ダブルブレストブレザー / Diary1101
26.1.2023

やりました、ヴェロニク・クリエイション初期時代のブレザー。しかもカシミア×シルク、しかもダブルブレスト。嬉し過ぎて踊りだしたくなる出逢いです。

 

 

“美しいネイビーのフランネルのジャケットとレザーのものなら何でも”

過去のインタビューで男性が身に着けるべきものという質問にそう答えたヴェロニク女史。確かにランウェイの最後に姿を見せる彼女の姿はいつも極めてナチュラルでスタンダードで何より彼女に良く似合っているコンサバティヴゆえにその解答も説得力しかありませんし、時代,トレンド,ムード,気分に応じて/適合して変化しながらも彼女曰く就任から最新のコレクションまで一貫して同じテーマで同じ本の章を積み上げ続けていると語るHermes hommeのクリエイションも、やはりスタンダードやコンサバティヴのファイナルアンサーばかりであるように感じます。私は以前からスタンダードスタイルやコンサバティヴスタイルを好んでいたものの、服飾という生業ゆえスタイルとしての攻めが少ない自分で良いのだろうかと悩むこともありましたが、彼女のような存在に人知れず励まされて今があります。とは言えやはりコーディネートを楽しんでおられる御客様や匠に精査される御客様と相対すると羨望が止まりません。如何せん弊店の御客様方、本当に素敵な方々ばかりなので。自信のスタイルはコンサバティヴで良いですが生業としてのスタイルの攻め方コーディネートの精査性は最近改めて勉強している心持ちです。それこそCHIRICOのディレクター鈴木とかスタイリング好きですからね。勉強になりますね。

 

と言うことでこの度三連続新作Hermesクリエイションの最後はメンズスタイルヒストリーにおいても現代のスタイルにおいても王道のブレザーであり、勢を極めたHermes hommeクリエイションであり、ヴェロニク・ニシャニアン就任して間もない初期個体という個人感情としては幻レベルの存在であり本気で垂涎な一着です。彼女の初期クリエイションはそれこそ時代,トレンド,ムード,気分に適合された当時のHermes hommeスタンダードバランスでありながら時代を経た今向き合うと個性と癖を感じる良い意味で簡単ではない設計バランスが猛烈に蠱惑的で、個性と癖があるからこそ良い意味で簡単ではないからこそ、それを咀嚼して受け入れた際には他では得難い旨味を御認識頂ける、一種の麻薬のような魅力要素を備えているのです。

 



端的に申しあげるとその個性と癖は肩の強さ。彼女は洒落た粋な両親の元で育ち、とりわけ父親のスタンダードだけどさりげなく御洒落な姿に,その背中に強い影響を受けてファッションデザイナーを目指すに至ったため、Hermes hommeのクリエイティブディレクター就任直後はそんな父の背中を連想させるかのような強いショルダーラインが特徴となります。当然コンセプトプロダクト以外はスタンダードを極めるのでことテーラードジャケットは着丈もしっかりと在りますし、様々な身体への適合を目指すためシルエットバランスもベーシック。それに方の強さが調和しますので、ヴェロニク・クリエイション最初期の味付けは特にクラッシックで、それが現代目線だとデザインシルエットないしコンセプトプロダクトに感じられるというのが興味深くて面白くて堪らないロジック。個人的にも超幸いなことに彼女の初期クリエイションのテーラードジャケットを所有していて毎年楽しく着ているのですが、今期は特に今っぽさを感じる一張羅として例年以上に楽しめています。

 

 

 

 

 

1992s Hermes homme cashmere silk double breasted jacket.

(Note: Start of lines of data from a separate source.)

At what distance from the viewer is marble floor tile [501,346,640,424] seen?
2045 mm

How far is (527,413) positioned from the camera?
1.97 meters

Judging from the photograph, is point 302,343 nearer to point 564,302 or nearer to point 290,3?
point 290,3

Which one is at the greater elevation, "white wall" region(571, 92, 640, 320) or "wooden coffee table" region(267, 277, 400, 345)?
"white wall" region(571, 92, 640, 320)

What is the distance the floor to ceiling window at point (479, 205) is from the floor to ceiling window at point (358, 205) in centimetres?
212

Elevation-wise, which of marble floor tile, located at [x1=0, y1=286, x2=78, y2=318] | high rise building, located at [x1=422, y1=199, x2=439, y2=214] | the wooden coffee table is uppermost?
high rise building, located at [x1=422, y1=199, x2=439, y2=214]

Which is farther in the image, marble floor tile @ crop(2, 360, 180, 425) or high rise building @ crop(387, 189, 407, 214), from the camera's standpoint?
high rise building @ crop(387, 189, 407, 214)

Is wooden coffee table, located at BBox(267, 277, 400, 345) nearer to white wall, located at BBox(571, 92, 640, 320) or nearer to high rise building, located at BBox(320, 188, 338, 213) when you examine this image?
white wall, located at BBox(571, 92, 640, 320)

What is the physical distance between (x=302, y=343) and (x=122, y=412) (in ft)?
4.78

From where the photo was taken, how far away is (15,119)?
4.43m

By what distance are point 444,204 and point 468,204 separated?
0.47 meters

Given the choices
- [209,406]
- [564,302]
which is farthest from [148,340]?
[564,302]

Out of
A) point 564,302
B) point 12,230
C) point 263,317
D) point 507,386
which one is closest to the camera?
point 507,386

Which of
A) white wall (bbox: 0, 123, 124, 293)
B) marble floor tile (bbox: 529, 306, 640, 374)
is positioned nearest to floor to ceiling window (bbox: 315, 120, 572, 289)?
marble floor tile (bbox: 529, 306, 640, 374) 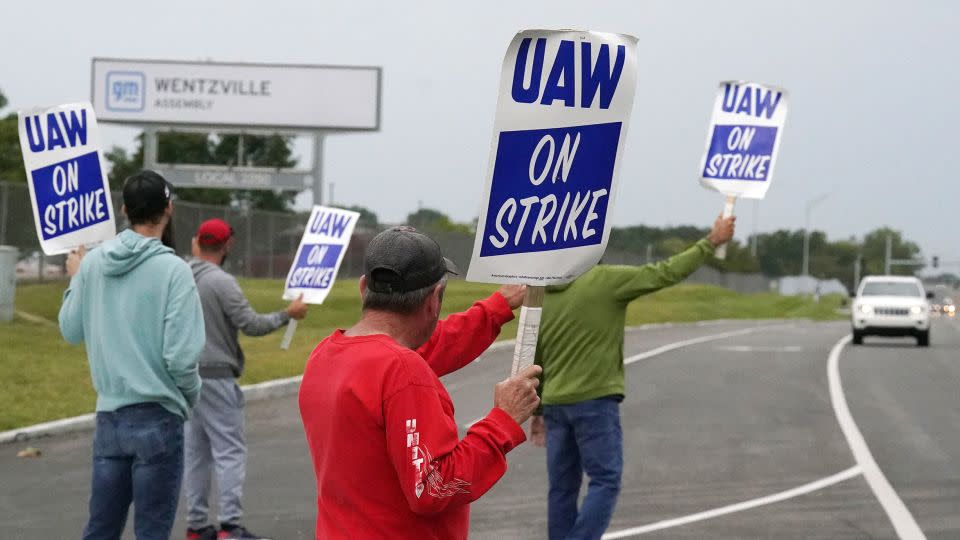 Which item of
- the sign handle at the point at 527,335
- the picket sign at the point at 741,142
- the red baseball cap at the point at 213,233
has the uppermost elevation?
the picket sign at the point at 741,142

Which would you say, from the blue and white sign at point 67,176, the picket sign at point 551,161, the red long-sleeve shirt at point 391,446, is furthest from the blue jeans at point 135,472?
the picket sign at point 551,161

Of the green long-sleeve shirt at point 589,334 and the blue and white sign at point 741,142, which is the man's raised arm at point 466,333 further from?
the blue and white sign at point 741,142

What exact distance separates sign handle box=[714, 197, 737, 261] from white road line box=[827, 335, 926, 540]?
2.81 meters

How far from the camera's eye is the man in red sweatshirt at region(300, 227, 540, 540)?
358 centimetres

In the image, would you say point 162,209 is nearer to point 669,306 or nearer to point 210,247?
point 210,247

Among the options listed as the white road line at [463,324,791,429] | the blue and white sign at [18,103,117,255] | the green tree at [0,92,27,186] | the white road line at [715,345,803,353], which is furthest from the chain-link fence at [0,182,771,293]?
the green tree at [0,92,27,186]

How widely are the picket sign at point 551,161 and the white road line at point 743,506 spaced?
5552 mm

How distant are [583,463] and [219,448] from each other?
2.21 meters

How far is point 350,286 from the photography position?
152 ft

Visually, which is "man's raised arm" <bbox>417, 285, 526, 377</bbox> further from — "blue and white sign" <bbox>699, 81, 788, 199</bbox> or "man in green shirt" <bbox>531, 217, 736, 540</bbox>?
"blue and white sign" <bbox>699, 81, 788, 199</bbox>

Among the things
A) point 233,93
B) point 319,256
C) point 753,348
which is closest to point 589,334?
point 319,256

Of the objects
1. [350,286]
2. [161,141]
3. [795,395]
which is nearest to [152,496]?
[795,395]

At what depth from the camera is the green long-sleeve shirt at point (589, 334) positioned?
7.38 m

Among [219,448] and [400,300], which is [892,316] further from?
[400,300] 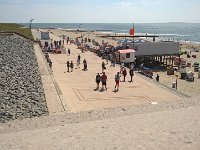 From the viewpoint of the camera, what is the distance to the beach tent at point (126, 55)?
31.8m

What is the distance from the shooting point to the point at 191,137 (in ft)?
27.3

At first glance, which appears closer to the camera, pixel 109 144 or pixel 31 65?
pixel 109 144

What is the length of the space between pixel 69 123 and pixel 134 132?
289 centimetres

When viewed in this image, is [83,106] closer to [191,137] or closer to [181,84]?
[191,137]

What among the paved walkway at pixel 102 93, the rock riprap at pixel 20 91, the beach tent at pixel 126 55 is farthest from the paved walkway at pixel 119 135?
the beach tent at pixel 126 55

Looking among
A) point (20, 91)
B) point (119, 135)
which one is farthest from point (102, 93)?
point (119, 135)

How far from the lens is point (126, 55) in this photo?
32.2 metres

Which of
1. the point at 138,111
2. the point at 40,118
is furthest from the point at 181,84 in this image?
the point at 40,118

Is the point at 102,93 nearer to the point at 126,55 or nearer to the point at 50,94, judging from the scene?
the point at 50,94

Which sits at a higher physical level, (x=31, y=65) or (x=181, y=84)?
(x=31, y=65)

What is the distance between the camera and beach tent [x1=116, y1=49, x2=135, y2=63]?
1251 inches

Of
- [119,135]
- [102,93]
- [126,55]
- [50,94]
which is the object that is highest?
[126,55]

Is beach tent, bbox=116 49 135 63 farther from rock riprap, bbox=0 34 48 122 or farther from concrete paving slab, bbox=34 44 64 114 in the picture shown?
concrete paving slab, bbox=34 44 64 114

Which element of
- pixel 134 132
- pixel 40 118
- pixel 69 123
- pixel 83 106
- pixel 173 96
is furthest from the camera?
pixel 173 96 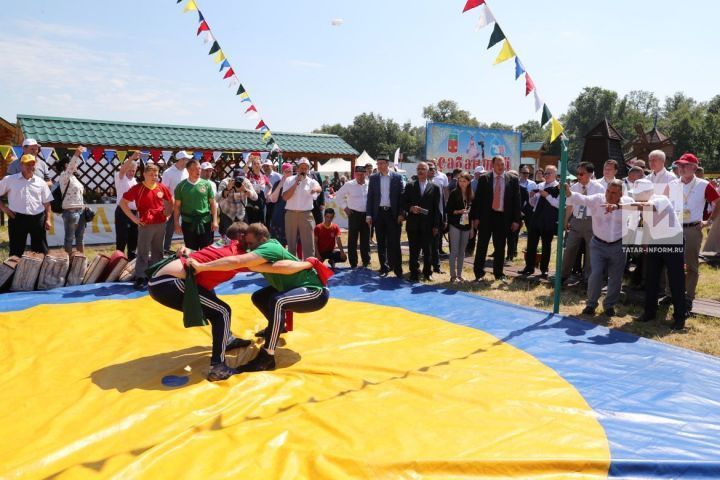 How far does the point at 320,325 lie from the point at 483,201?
10.9ft

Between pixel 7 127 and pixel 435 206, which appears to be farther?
pixel 7 127

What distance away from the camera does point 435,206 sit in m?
7.23

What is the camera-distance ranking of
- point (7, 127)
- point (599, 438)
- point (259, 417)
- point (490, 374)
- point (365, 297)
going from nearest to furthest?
point (599, 438)
point (259, 417)
point (490, 374)
point (365, 297)
point (7, 127)

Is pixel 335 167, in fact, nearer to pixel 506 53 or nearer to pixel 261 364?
pixel 506 53

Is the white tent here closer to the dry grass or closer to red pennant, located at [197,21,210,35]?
the dry grass

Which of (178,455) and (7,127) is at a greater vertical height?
(7,127)

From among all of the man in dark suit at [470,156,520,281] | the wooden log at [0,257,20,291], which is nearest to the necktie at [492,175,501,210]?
the man in dark suit at [470,156,520,281]

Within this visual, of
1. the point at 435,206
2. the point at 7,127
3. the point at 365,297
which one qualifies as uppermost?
the point at 7,127

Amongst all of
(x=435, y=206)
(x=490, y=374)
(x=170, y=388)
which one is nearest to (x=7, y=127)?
(x=435, y=206)

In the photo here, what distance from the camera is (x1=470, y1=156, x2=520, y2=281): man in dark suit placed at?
282 inches

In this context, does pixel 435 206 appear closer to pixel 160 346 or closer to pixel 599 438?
pixel 160 346

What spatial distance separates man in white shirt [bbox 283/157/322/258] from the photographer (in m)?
0.99

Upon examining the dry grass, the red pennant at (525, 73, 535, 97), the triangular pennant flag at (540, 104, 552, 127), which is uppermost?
the red pennant at (525, 73, 535, 97)

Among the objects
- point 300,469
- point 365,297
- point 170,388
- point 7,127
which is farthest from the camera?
point 7,127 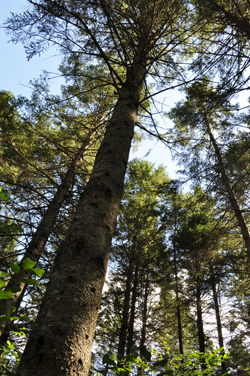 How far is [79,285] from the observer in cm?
123

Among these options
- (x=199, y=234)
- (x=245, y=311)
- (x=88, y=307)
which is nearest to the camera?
(x=88, y=307)

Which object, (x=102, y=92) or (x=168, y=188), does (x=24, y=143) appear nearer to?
(x=102, y=92)

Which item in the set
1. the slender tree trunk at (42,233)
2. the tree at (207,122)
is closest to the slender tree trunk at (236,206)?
the tree at (207,122)

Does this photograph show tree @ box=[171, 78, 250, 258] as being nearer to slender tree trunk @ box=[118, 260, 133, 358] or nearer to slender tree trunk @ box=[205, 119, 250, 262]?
slender tree trunk @ box=[205, 119, 250, 262]

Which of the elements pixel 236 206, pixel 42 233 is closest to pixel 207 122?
pixel 236 206

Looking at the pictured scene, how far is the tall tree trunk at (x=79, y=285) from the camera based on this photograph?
93 centimetres

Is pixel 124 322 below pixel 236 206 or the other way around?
below

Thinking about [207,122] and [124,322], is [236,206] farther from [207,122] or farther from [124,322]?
[124,322]

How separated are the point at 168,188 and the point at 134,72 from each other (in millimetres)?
5621

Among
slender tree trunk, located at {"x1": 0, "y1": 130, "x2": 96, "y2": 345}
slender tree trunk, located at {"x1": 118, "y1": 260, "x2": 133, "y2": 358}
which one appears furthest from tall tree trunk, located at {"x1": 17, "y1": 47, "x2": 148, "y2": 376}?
slender tree trunk, located at {"x1": 118, "y1": 260, "x2": 133, "y2": 358}

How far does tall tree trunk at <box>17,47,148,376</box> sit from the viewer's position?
934 mm

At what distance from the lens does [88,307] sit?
1.19 metres

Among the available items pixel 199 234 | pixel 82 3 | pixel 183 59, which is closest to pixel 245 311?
pixel 199 234

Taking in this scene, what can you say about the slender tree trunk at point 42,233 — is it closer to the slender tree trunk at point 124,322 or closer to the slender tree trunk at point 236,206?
the slender tree trunk at point 124,322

カシミアとシルクによるフランネル,ミッドナイトブルーカラー,ゴールドボタン。兎にも角にも最強の一着。彼女の個性と癖を独自に解釈して是非現代の装いとしてお楽しみ頂きたい。いずれにせよ彼女の就任から最新のコレクションまで一貫して同じテーマというクリエイション・フィロソフィーは確かです。ネバーエンディングストーリー。